Lifetime Achievement Awards
Vivian Lasley-Bibbs
Former Director of Health Equity, Kentucky Department for Public Health
Vivian Lasley-Bibbs personified the essence of the HOPE framework even before she learned about it. Vivian inherently understood the role that the environment plays in supporting, and inhibiting, health equity, and helped Kentucky recognize the importance of understanding and addressing root causes and social drivers and determinants of health. She was an early champion who helped Kentucky understand the role of environmental factors in health and public health and more recently led the Kentucky Department for Public Health’s Kentucky Environmental Health Tracking Network to develop the Social Vulnerability Indexes (SVI) and Community Vulnerability Indexes (CVI) for all 120 Kentucky counties-widely used by shareholders during the COVID-19 pandemic.
Vivian was the sole equity force in Kentucky as the only member of the Department for Public Health Office of Health Equity for a decade. She used that platform to make contacts that blossomed into relationships with members of Kentucky unserved communities, creating warm, safe, inviting spaces for all. Vivian was one of the founding members of Partnership for a Resilient Kentucky (PaRK), a network of public and private providers and organizations seeking to build resilient youth, families and communities through health, public health, education, justice and all human services across Kentucky.
Kini-Ana Tinkham
Executive Director, Maine Resilience Building Network
In 2019, Maine Resilience Building Network was formally established as a nonprofit organization and hired its first Executive Director, Kini-Ana Tinkham.
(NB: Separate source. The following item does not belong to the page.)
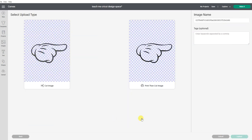This is the step that I believe confuses the most people in the Cricut world. You have two options. You can either save this as a cut image or save it as a print then cut.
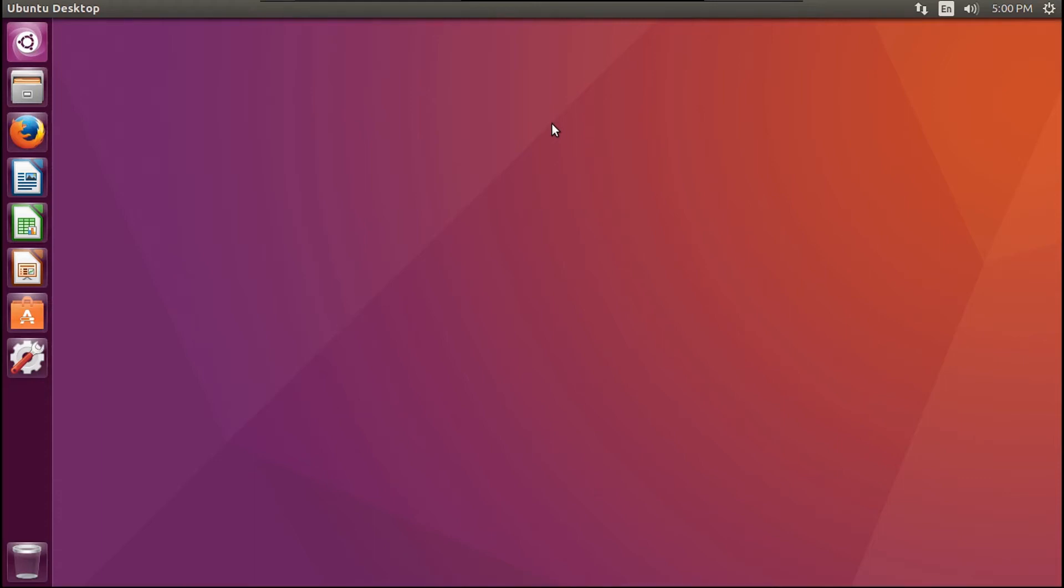Hey YouTube, this is Drew Howden Tech here to show you how to upgrade your Ubuntu release.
Since that date, they have delivered training and technical assistance to more than 7,500 staff and community members affiliated with Maine government agencies, childcare providers, school districts and educational organizations, healthcare and social services organizations, faith, and youth-serving community nonprofits.
Once the leadership and staff became certified in the HOPE framework through their interaction with the HOPE National Resource Center and Christina Bethell, PhD of Johns Hopkins, they crossed to a new generation of this work – to total and full integration of positive childhood experiences and the HOPE framework in everything they do. All their trainings, technical assistance, and community engagement initiatives incorporate PCEs. There is not a discussion of Adverse Childhood Experiences (ACEs) without integration of PCEs, and they have introduced HOPE to other state-level children health organizations in Maine.
About HOPE – Healthy Outcomes from Positive Experiences
Based at Tufts Medical Center in Boston, Massachusetts, the HOPE National Resource Center sees a world that honors and promotes positive experiences as necessary for health and well-being. Research shows that positive childhood experiences (PCEs) drive healthy child development and lessen the lifelong effects of adverse childhood experiences (ACEs). HOPE aims to inspire a movement that changes how people and organizations advance health and well-being for children, families, and communities.
Robert Sege, MD, PHD, FAAP, Director of the Center for Community-Engaged Medicine at Tufts Medical Center and Professor of Medicine and Pediatrics at Tufts University School of Medicine, leads the HOPE National Resource Center.